A model validation procedure is applied to the Predictive Model every time it is retrained to ensure the model remains consistently reliable and accurate over time. The results of this procedure are displayed in the Validation Summary of the Pipeline with Predictive Model Dashboard. This article explains the procedure and how to interpret the results displayed in the dashboard.
The procedure starts by removing the most recent month’s worth of data from the dataset used to train the model. We call this month of data the validation dataset and the remaining data is referred to as the training dataset. As an example, let’s say it’s December 1, 2021 and we have been collecting data since the beginning of 2020. In this case, the validation dataset contains 30 data points each representing a day in November 2021. The training dataset contains the remainder of the data - January 2020 to the end of October 2021.
Next, the model is trained using only the training dataset. After this training, from the model’s point of view, making predictions for dates in November is the equivalent of predicting the future. This is exactly what the model is meant to do, making this a great situation to put the model to the test.
Because we already know how much was spent per channel per day during November and we have already measured the target variable for each day in November, we can use this information to test the model. So, the next step in the procedure is to ask the model to make predictions using the actual spend we’ve recorded from November.

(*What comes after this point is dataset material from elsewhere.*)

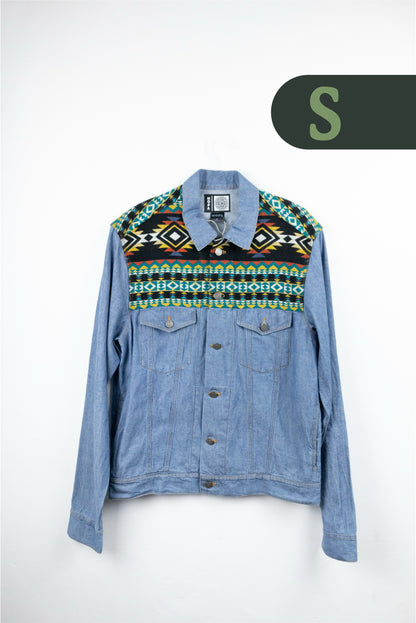 Chaqueta Hombre Jean Tejido Andino Hombro - Azul Claro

The model can then be validated by comparing the actual target variable values against the predicted values. Because we are supplying the actual spends to the model, a good model will be able to produce predictions close to what actually happened.
The actual target values, predicted target values, and a percent difference between the two are shown in the dashboard. Initially, they are shown aggregated over the entire month of the validation dataset, but you can drill down further to see the results at daily granularity.

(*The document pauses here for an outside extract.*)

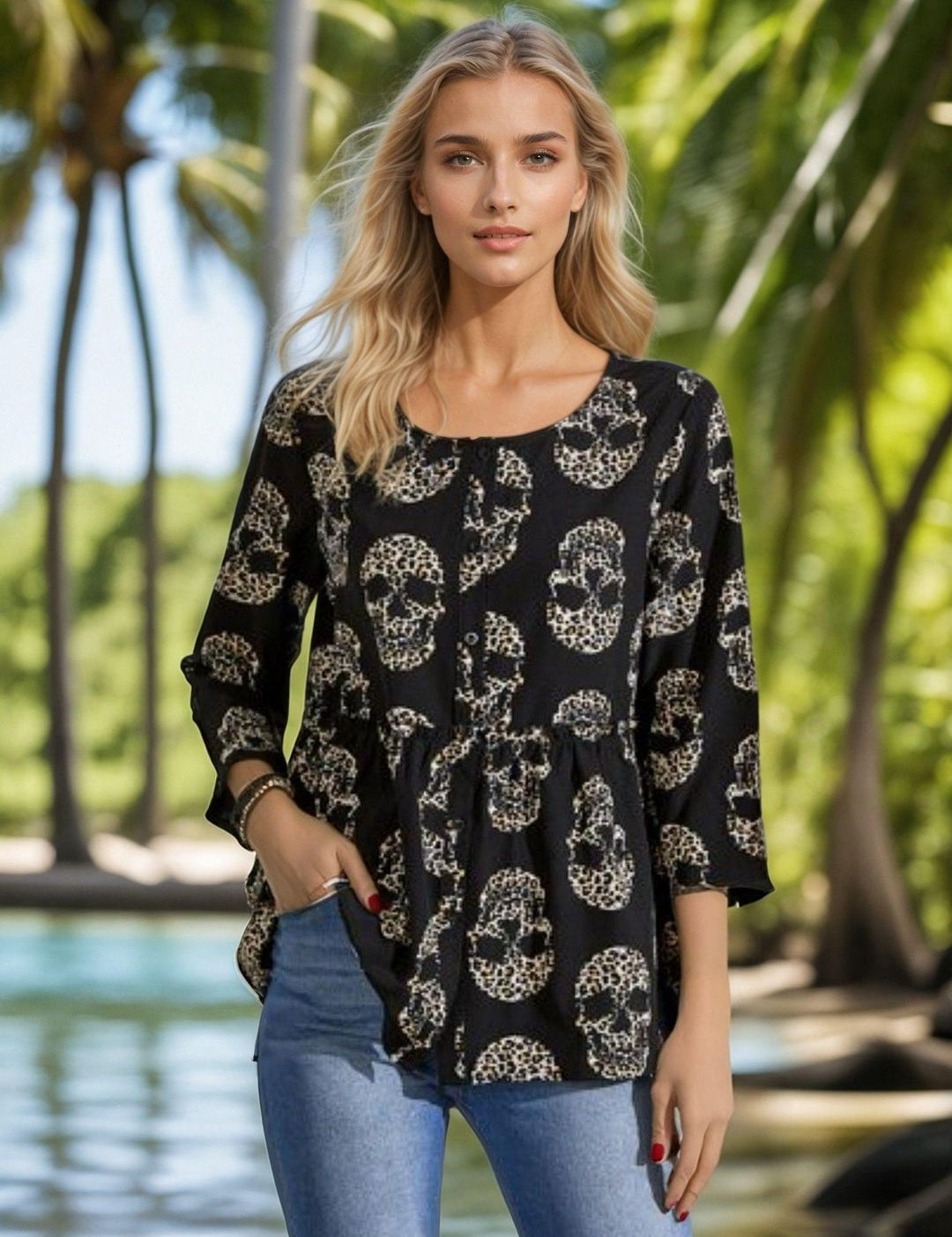 Kotty Women Printed Round Neck Crepe Top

The percent difference between actual and predicted values provides an at-a-glance measurement of the model's performance, but we include the absolute values as well to provide more context. While a 50% difference may seem problematic at first glance, 50% of 2 conversions is much less concerning than 50% of 10,000 conversions.
There are no universal rules when it comes to deciding what level of disagreement is acceptable. It comes down to each individual business to decide what they are comfortable with and what they are not.